» **Records for this exercise**:
☆ ☆ ☆ ☆
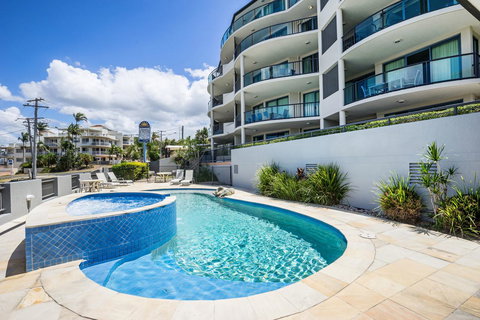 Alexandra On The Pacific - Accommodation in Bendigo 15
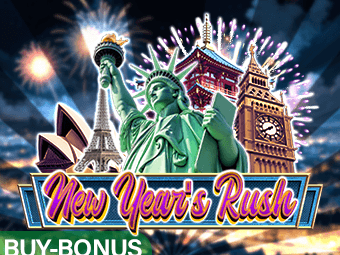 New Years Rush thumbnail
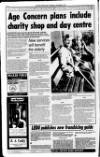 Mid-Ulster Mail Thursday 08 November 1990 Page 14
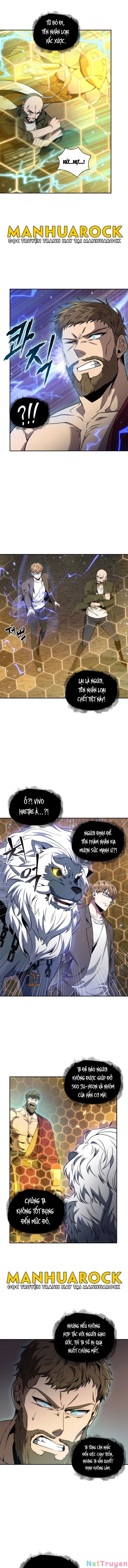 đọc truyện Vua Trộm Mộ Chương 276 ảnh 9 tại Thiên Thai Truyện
☆ ☆ ☆ ☆
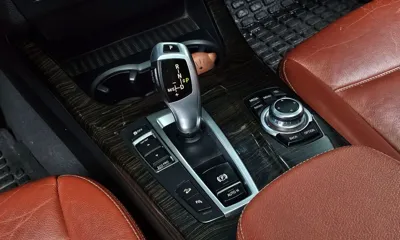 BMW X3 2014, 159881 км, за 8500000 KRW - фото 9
☆ ☆ ☆ ☆
» **Task instructions**:
Extract the part of the records that opens with the line containing "Alexandra On The" and closes with the line containing "đọc truyện Vua". Take only those lines, exactly, and no pictures.

» **Result of the exercise**:
 Alexandra On The Pacific - Accommodation in Bendigo 15
 New Years Rush thumbnail
 Mid-Ulster Mail Thursday 08 November 1990 Page 14
 đọc truyện Vua Trộm Mộ Chương 276 ảnh 9 tại Thiên Thai Truyện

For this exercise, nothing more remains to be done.